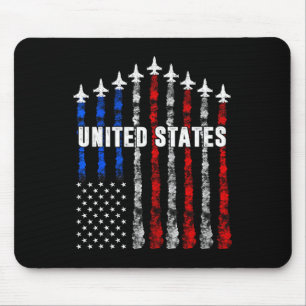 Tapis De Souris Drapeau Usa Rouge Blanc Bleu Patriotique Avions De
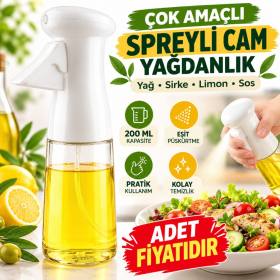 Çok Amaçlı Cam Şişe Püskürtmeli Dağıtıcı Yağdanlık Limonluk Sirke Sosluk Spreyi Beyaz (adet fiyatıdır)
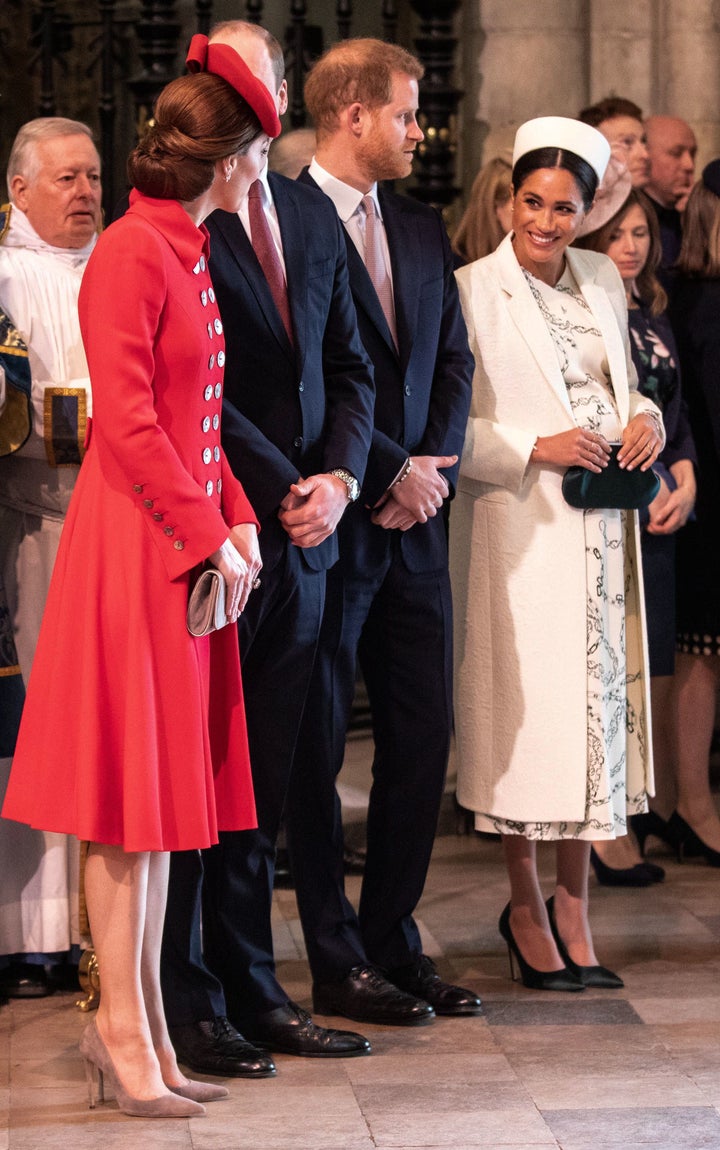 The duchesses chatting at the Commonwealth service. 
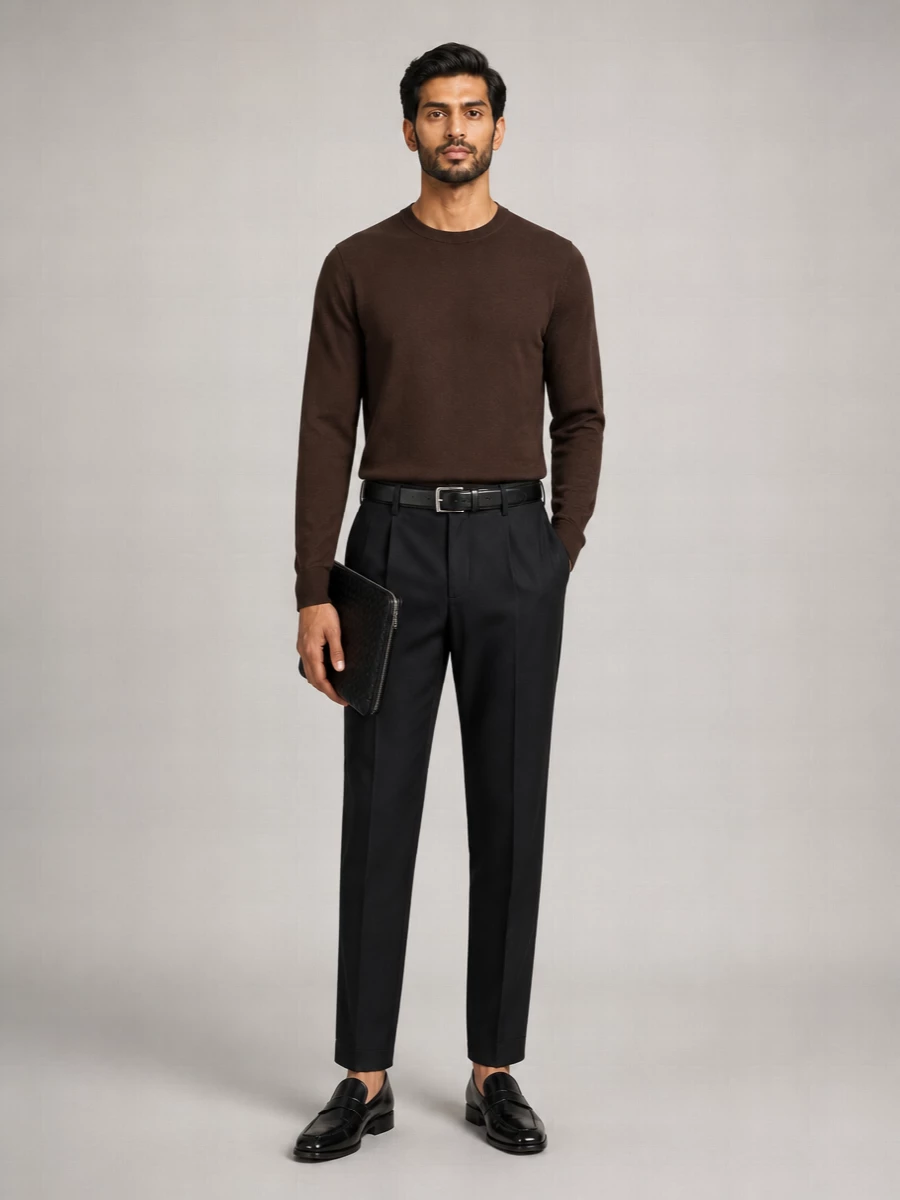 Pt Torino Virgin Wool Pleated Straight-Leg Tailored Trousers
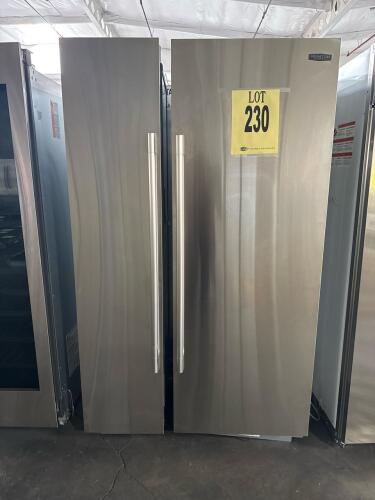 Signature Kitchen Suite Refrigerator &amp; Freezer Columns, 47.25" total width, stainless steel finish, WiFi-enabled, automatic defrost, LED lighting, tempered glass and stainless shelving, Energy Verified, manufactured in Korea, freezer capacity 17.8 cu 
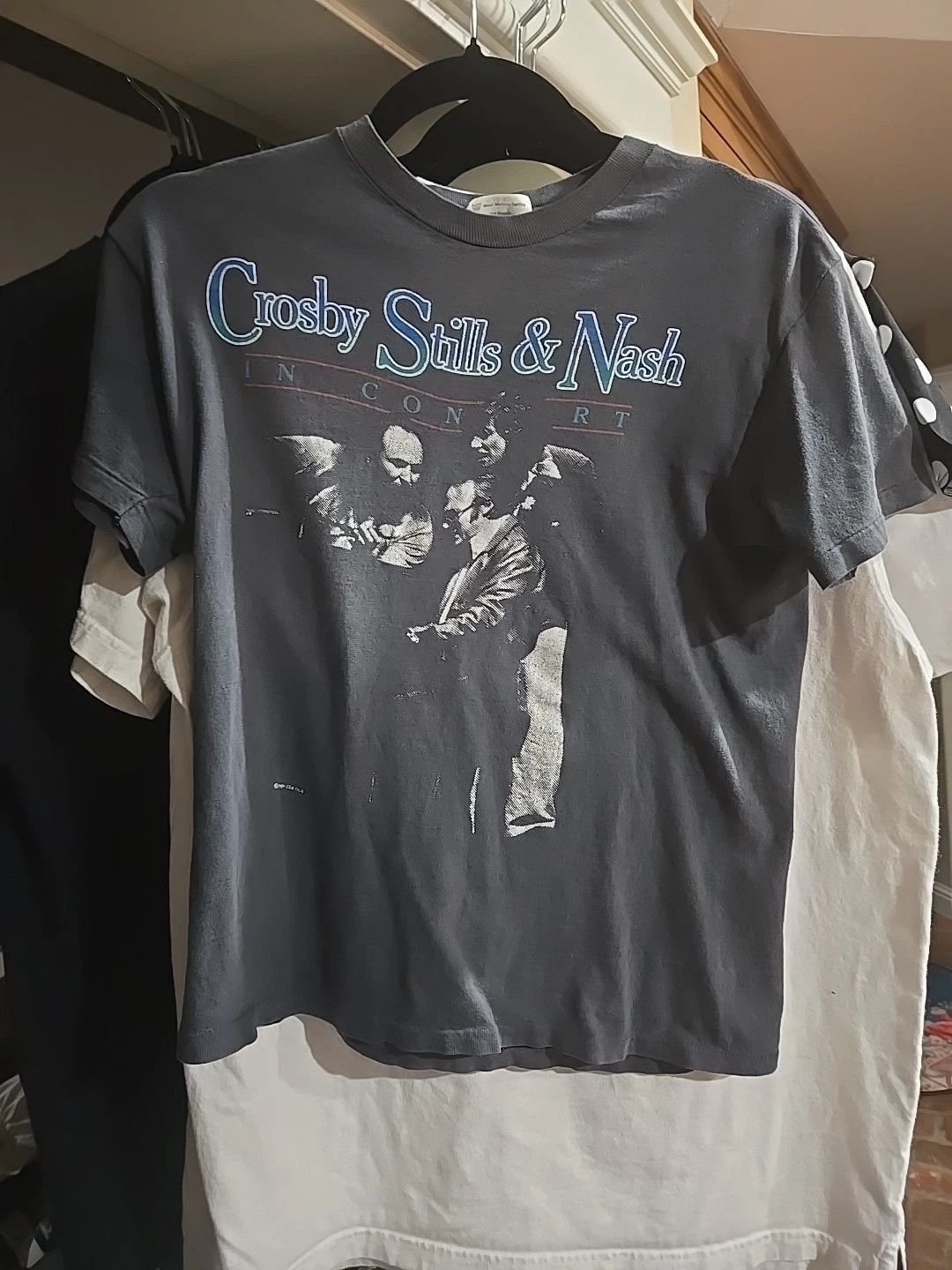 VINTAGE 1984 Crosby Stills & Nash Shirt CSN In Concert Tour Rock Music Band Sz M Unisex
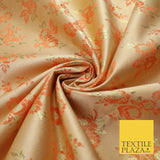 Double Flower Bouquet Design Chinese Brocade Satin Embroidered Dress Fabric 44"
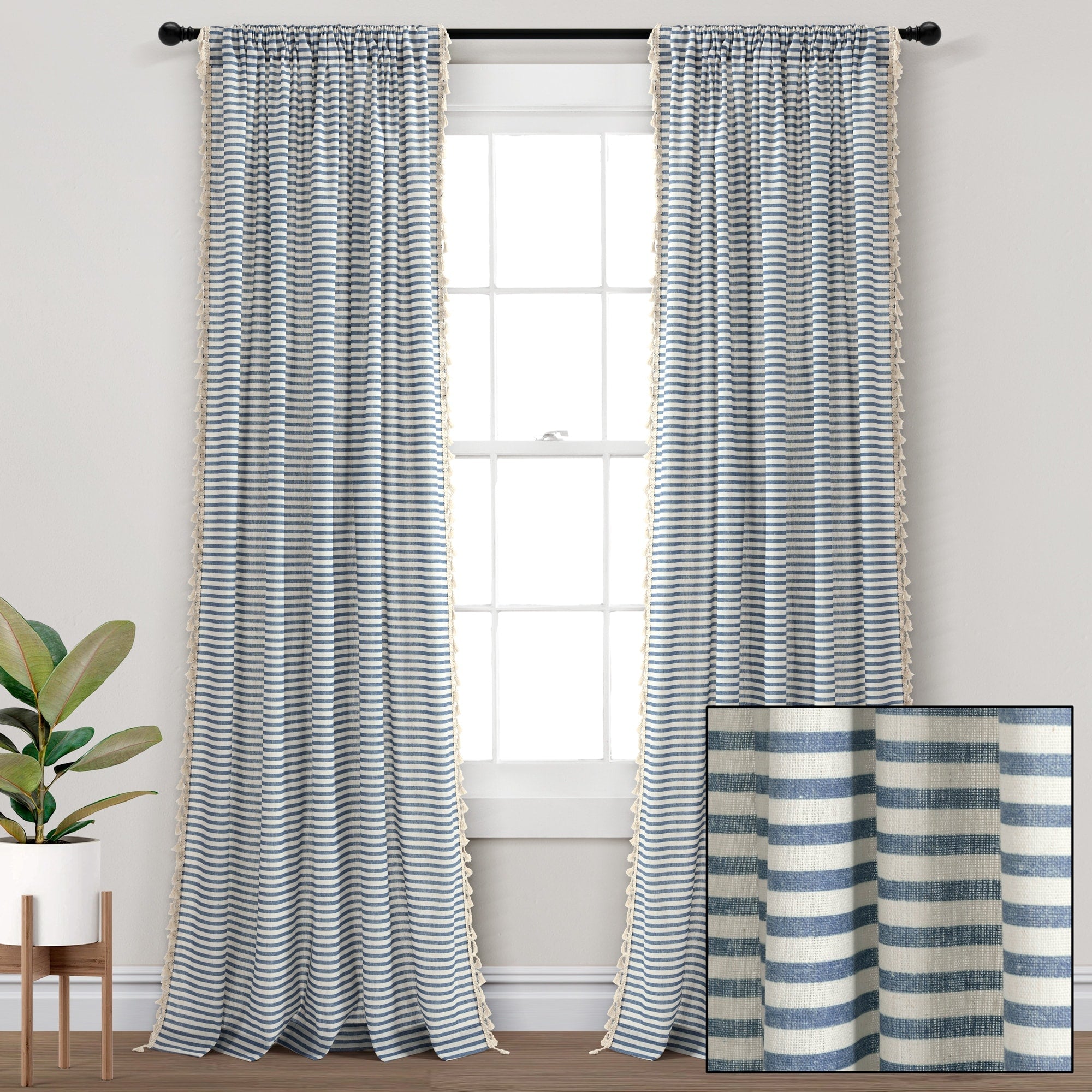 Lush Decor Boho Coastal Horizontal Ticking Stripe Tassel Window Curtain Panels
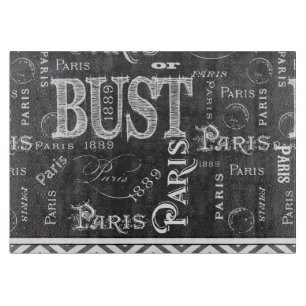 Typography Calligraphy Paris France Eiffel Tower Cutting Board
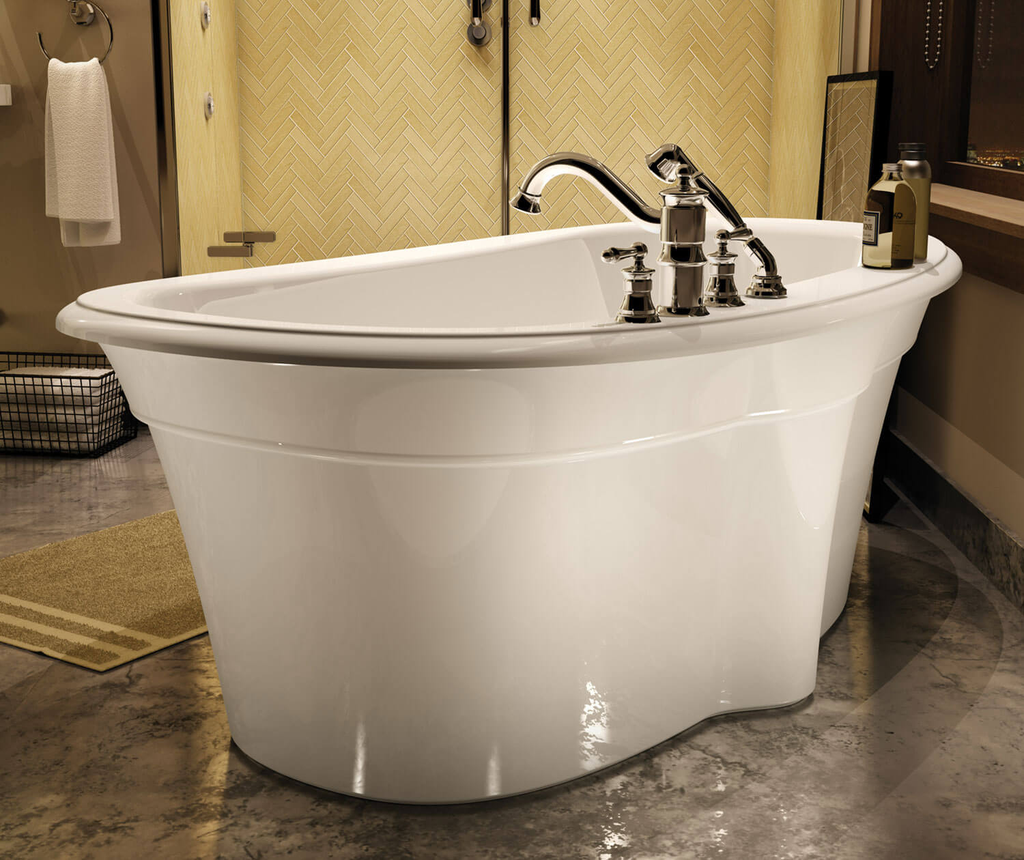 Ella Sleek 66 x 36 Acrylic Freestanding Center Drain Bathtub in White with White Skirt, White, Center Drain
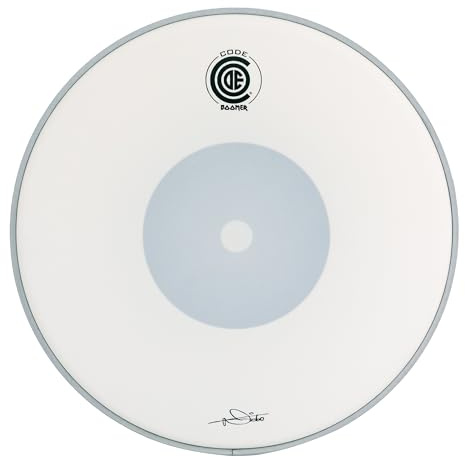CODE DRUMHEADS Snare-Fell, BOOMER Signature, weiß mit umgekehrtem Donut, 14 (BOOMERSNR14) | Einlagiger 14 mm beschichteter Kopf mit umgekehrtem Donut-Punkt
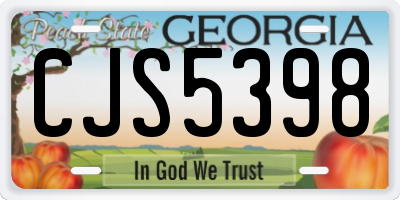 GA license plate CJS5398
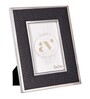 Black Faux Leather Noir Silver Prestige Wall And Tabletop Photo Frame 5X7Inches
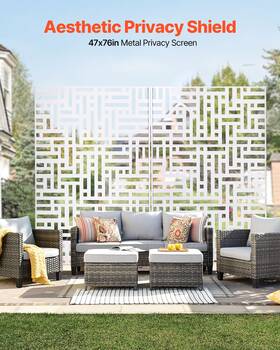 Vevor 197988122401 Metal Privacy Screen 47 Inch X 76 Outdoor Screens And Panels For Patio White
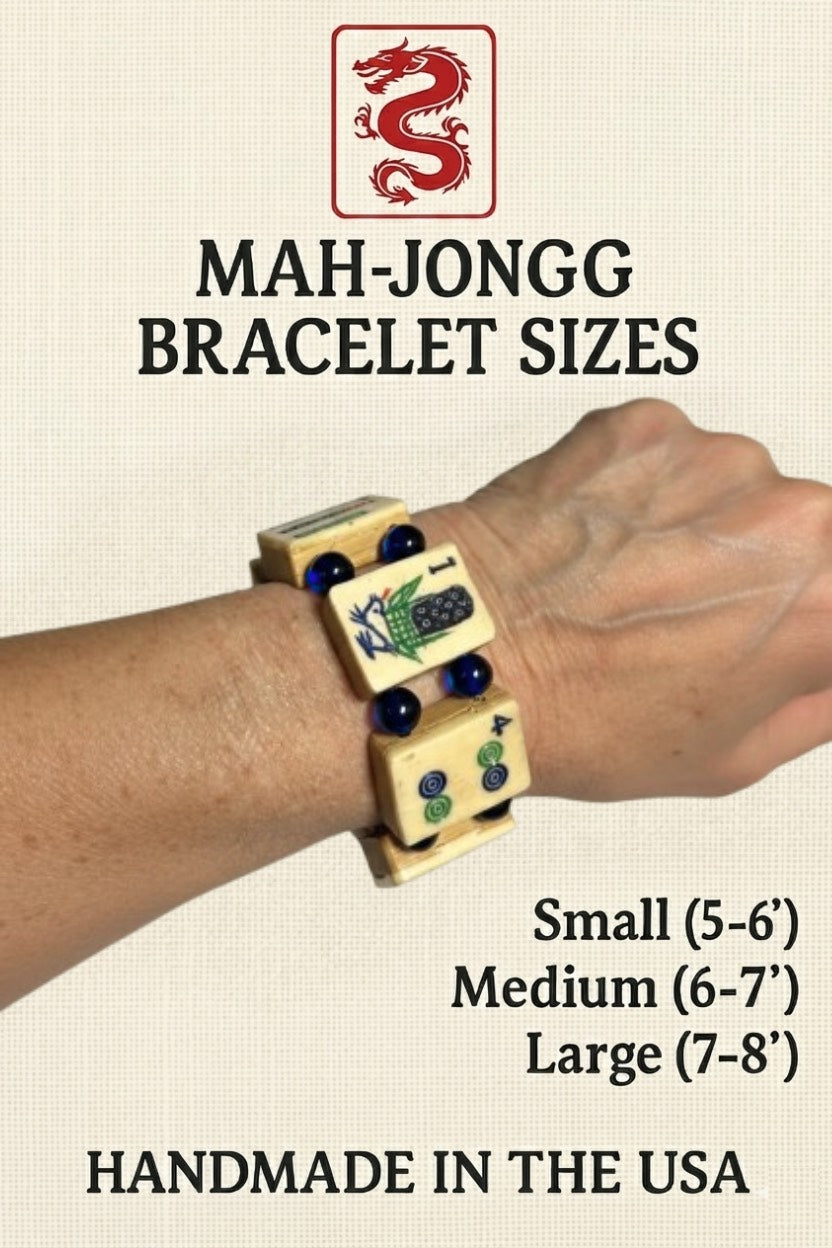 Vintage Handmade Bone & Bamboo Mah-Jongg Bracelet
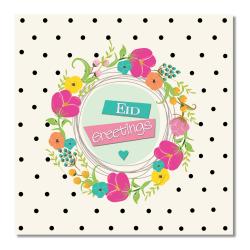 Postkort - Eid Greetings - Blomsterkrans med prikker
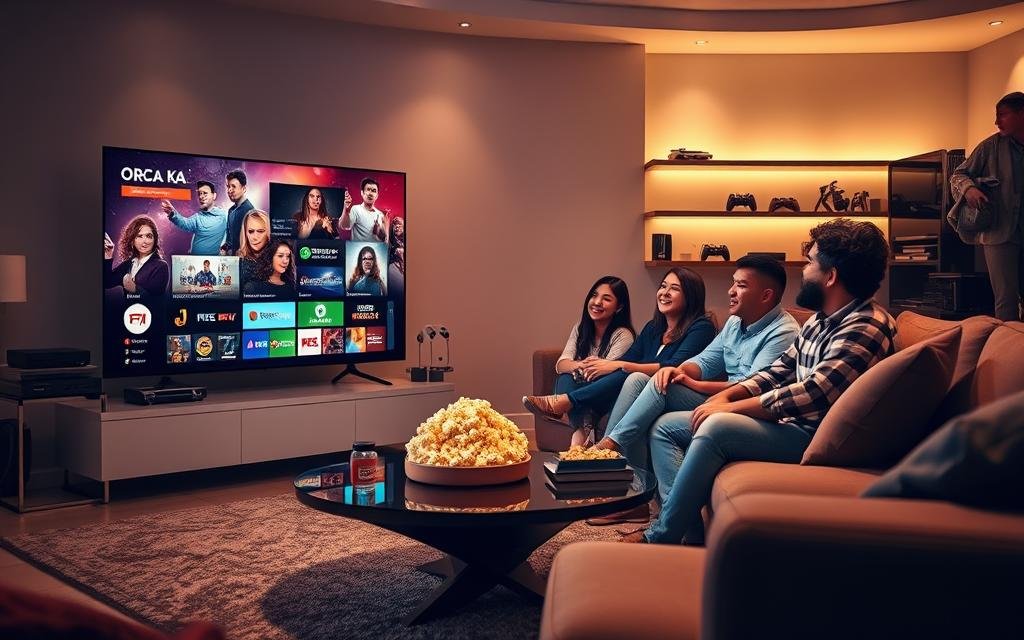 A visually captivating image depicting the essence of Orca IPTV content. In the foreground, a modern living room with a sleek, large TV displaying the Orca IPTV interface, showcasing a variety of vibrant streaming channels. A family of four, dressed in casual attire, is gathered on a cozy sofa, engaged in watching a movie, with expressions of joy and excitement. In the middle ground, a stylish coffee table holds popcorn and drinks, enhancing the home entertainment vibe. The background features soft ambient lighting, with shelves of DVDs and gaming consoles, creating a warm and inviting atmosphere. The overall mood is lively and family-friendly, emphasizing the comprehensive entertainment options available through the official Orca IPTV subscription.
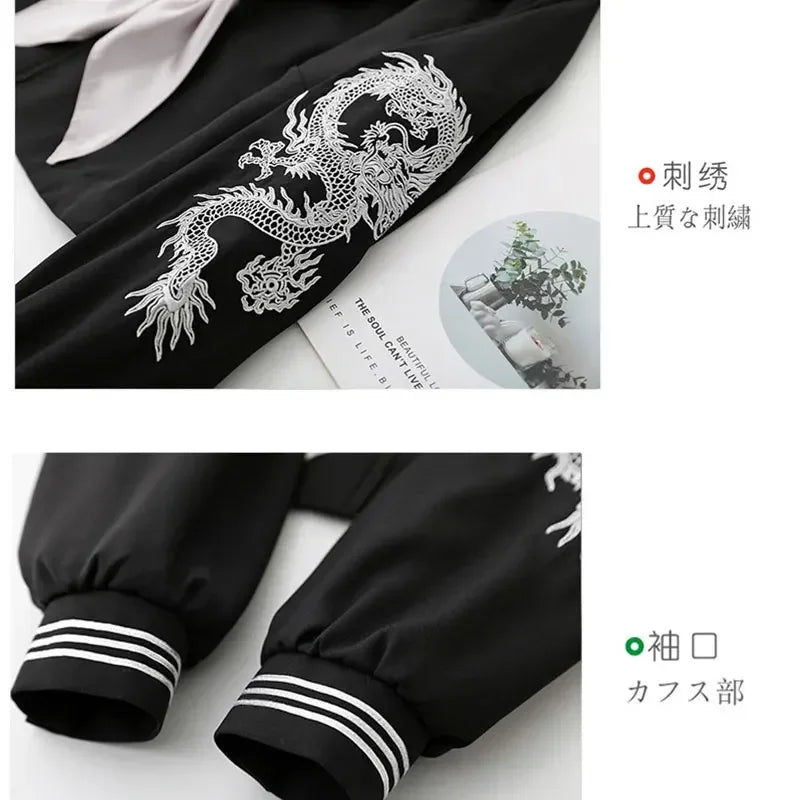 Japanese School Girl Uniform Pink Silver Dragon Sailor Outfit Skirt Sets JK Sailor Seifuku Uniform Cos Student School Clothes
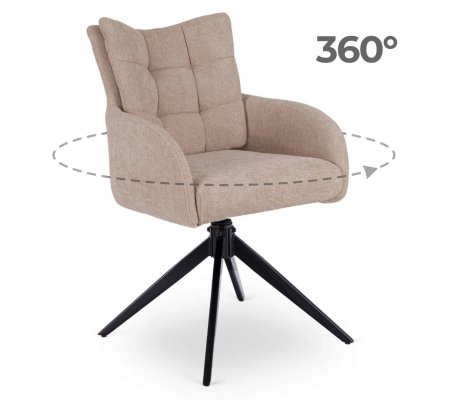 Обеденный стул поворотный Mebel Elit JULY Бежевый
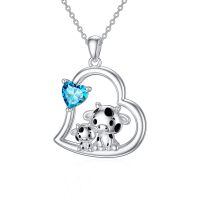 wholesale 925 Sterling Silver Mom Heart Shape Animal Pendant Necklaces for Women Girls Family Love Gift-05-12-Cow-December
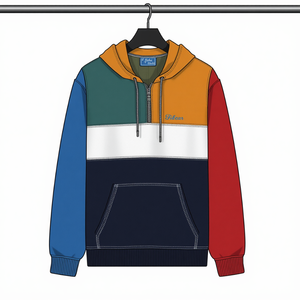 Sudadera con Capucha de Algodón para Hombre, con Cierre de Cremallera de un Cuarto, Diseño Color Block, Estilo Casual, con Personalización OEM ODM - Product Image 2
+===+
WORK ITEM: Give the lines again exactly, starting where the entries begin and stopping once the line with "Pt Torino Virgin" is included; pictures are not copied.

TASK ANSWER:
 Tapis De Souris Drapeau Usa Rouge Blanc Bleu Patriotique Avions De
 Çok Amaçlı Cam Şişe Püskürtmeli Dağıtıcı Yağdanlık Limonluk Sirke Sosluk Spreyi Beyaz (adet fiyatıdır)
 The duchesses chatting at the Commonwealth service. 
 Pt Torino Virgin Wool Pleated Straight-Leg Tailored Trousers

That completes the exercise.